In his list of priorities, the president also mentioned a peace agreement with Muslim rebels in Mindanao, health care reform and not raising taxes.

Lingayen-Dagupan Archbishop Emeritus Oscar Cruz said he found the president’s speech prudent and realistic, founded on the values of truth, justice and peace.

He agreed with Aquino’s assessment of the country’s dramatic economic situation, which the Church has criticised on several occasions in the past and which it has tried to change through its own efforts.

Mgr Martin Jumoad, bishop of Isabela de Basilan (Mindanao), shares that opinion. Coming from one of the poorest parts of the country, the prelate praised the president’s decision to extend medical coverage. Since it is also where Muslim rebels operate, he hopes that Aquino can successfully conclude the peace process.

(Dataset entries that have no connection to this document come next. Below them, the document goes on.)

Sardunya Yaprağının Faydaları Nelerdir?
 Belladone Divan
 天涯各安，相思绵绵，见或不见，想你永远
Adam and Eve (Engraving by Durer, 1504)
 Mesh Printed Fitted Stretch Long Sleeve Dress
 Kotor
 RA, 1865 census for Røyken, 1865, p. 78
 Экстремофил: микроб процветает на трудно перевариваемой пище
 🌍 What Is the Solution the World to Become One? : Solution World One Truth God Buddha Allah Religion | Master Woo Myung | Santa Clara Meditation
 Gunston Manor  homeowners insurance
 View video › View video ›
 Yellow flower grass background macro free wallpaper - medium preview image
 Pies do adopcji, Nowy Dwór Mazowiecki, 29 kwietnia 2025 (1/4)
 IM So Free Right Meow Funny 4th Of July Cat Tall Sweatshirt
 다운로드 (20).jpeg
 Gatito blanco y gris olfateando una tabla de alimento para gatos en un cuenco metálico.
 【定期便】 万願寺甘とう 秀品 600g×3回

By contrast, Mgr Jose Colin Bagaforo is more critical of the president’s statement. For the auxiliary bishop of Cotabato, it would have been better had the president stated his position on the reproductive health (RH) bill.

In the past, Aquino has backed the controversial proposal, which would set up a system of birth controls and make contraceptives freely available in public and private schools. The Church (and the former Arroyo administration) has always been opposed to the proposed legislation.

Mgr Broderick Pabillo, auxiliary bishop of Manila who chairs the National Secretariat for Social Action of the Catholic Bishops’ Conference of the Philippines, said he hoped that the speech was the start of change and that it would show Filipinos the country’s real situation.

The prelate pointed out that before the elections Aquino laid out a number of arguments but that he won without presenting concrete programmes.

For him, in his speech the president left a lot of questions unanswered, including what he will do with the Freedom of Information bill, land reform, job creation, the environment and the reproductive health bill.